Photo: Steven Gibbons
Alex Schaake plays his third shot at the first hole at Bandon Trails on Tuesday.

By Tod Leonard
BANDON, Ore. — Put together 264 golfers of closely matched skill sets. Have them play 36 holes to whittle the collection to just 64. Both the odds and logic say you’re going to get a bunch of them trying to squeeze through a bottleneck to safety. It’s the beauty of the USGA’s format for the U.S. Amateur, creating more drama for those on the bubble than the contenders for medalist honours.

It can also be a royal pain, especially when there are too many stubborn golfers who won’t go away. For Wednesday morning, it looked like a charge to the hills for the Gold Rush up here when 18 men, having tied at two-over par, took to the 10th tee in three groups on the Bandon Dunes course to battle for a mere three spots in the match play that begins later in the day.

The competition lasted all of two holes, with Cameron Sisk, a soon-to-be junior at Arizona State and Evan Katz (senior, Duke) scoring birdies on the first hole. Aaron Du, originally from China and set to begin college at Cal, notched the lone birdie on the second hole to complete the match-play field of 64.

Du had a wild finish on Tuesday to making the playoff, going triple bogey, birdie, birdie, bogey, birdie.

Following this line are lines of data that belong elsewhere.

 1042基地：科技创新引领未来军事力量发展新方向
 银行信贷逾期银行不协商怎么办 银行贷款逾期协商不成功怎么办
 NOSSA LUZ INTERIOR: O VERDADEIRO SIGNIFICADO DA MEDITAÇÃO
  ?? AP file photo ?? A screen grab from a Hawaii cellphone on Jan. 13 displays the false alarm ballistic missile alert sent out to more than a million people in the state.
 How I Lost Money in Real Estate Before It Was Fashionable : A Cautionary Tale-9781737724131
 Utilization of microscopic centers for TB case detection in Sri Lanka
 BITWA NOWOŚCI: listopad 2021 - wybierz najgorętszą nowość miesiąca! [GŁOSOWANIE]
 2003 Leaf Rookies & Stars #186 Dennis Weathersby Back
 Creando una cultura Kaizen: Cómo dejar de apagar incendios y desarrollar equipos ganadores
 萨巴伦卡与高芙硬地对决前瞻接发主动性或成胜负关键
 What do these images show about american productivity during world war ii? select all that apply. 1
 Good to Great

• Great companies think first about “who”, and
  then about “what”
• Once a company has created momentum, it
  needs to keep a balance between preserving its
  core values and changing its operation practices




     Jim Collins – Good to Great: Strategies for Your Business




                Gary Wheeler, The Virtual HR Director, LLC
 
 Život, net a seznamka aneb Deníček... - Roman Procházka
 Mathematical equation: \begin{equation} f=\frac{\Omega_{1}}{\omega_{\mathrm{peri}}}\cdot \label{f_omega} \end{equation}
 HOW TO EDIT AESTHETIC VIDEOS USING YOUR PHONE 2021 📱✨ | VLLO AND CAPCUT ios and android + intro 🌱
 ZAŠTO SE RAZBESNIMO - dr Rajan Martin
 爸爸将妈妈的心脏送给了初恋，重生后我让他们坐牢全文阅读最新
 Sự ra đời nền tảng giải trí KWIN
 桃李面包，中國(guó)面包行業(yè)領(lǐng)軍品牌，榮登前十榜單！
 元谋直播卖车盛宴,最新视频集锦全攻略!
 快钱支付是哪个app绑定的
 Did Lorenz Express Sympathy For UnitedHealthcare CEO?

Eighteen people—one for each hole if they went out in singles in a shotgun start—seems particularly onerous and complicated to manage, but the USGA has been doing this a long time and has seen far bigger traffic jams. In fact, 18 gets kind of an indifferent shrug. The record is 33 playoff contenders for 10 places in 1988 at Virginia Hot Springs. On four other occasions, there have been at least 25 contestants, and it could be argued that the most sinister playoff came at Pinehurst just last year, when 27 poor souls were scratching for three spots—a nearly four-hour ordeal well documented by Golf Digest.

Four hopefuls bogeyed their final hole Tuesday on either Bandon Dunes or Bandon Trails and none of them ended up reaching match play.

Seven players clutched up and birdied their final holes, including Sisk.